I learned so much from the conversation, arranged by Angela F. Schultz, assistant dean for public service at the Law School. Much of it would be worth relating, and I encourage everyone in our law school community to converse with one or more of our impressive PILS fellows.
In this post, with thanks to (and permission from) Morgan Kaplan, a second-year student, I want to highlight briefly one phenomenon that she observed this summer as a PILS fellow working at the Milwaukee Justice Center. More specifically, she described for the group some of the difficulties faced by pro se litigants hoping to modify family court orders in the Milwaukee County Circuit Court.
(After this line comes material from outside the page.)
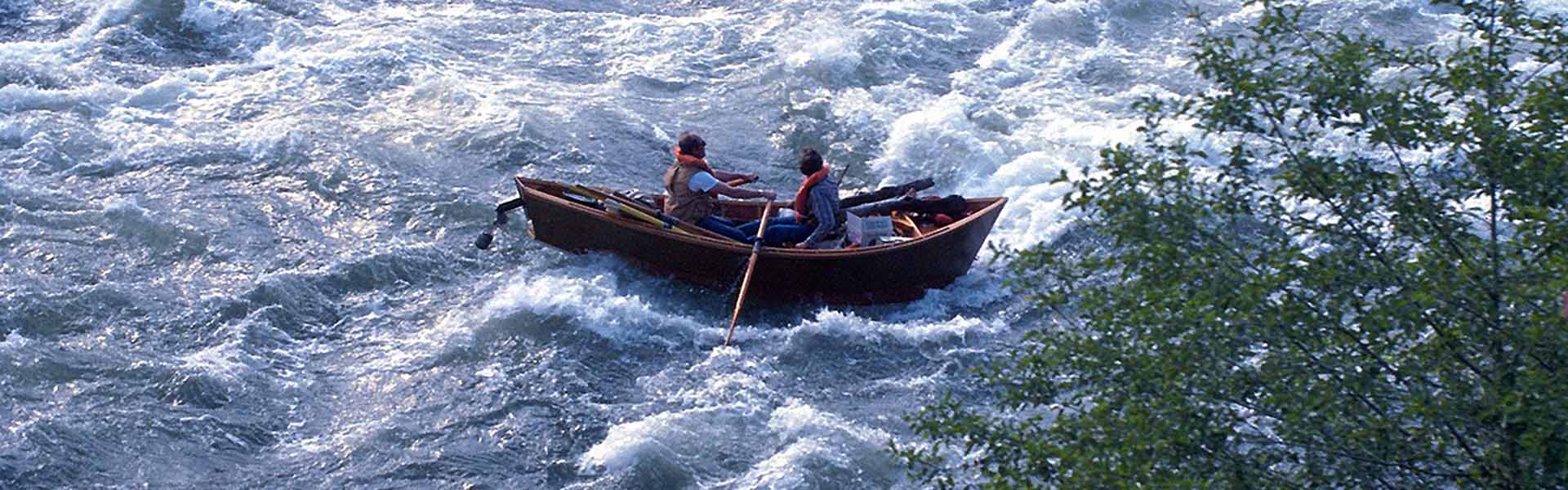 A picture of a McKenzie river dory wooden drift boat hurtling down the rapids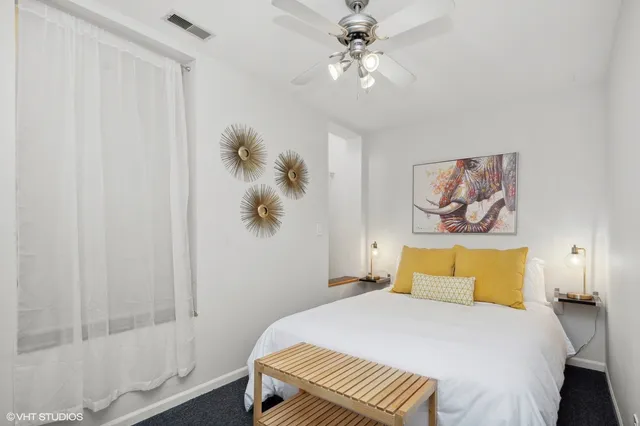 a bedroom with a bed and a painting on the wall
Here is the description, which I asked her to write up:
One might hope that filing a motion to modify a family court order would be a relatively straightforward proposition—perhaps even that a party could bring in the completed paperwork, drop it off (file it) in one place, and move on to preparing for the court date or other tasks.
This is not the case. Rather than a simplified process that promotes access to the civil justice system, pro se litigants must navigate a sea of forms and offices, even after they have filled out the modification form (the motion). The Milwaukee Justice Center has prepared a sort of map—a checklist—to guide their journey. Let’s travel with them.
1. Those who are eligible for a fee waiver, either based on income or receipt of public benefits, will start in Room 104, the Clerk of Court’s office, to have their fee waiver notarized.
2. That’s just notarization: Having the fee waiver approved requires a trip up to the Chief Judge’s office in Room 609. Once those interested have an approved fee waiver, then they can move on to the next steps to file the motion.
3. It’s time for filing. This happens in Room 104, the Clerk of Court’s office (a second time for those using a fee waiver). There, interested parties will either show their fee waiver or pay a filing fee, giving the original documents to the clerk. We may now call them “movants.”
4. Then they will move upstairs (a second time for those with a fee waiver)—all the way to Room 707—to visit the office of the Family Court Commissioner. There, movants will hand all remaining copies of the motion to the calendar desk and get a hearing date, which will be stamped on all copies of the motion.
5. If the desired modification—the relief requested by the motion—involves a child support order, movants will head back down to Room 101, the Milwaukee County Child Support Office, to drop off a copy of the motion there as well.
6. After those three stops (five, in fact, for those with a fee waiver), movants will head over to the Safety Building, Room 102 (connected to the courthouse via skywalk), to fill out paperwork in hopes of having the Milwaukee County Sheriff serve the other party (if a county resident) with a final copy of the motion.
We all know that the processes of our civil justice system were not created with unrepresented litigants in mind, yet no one doubts that cases with such pro se litigants, in fact, predominate in family courts across the country. We may well ask whether we have taken enough steps to facilitate access to justice for these pro se litigants.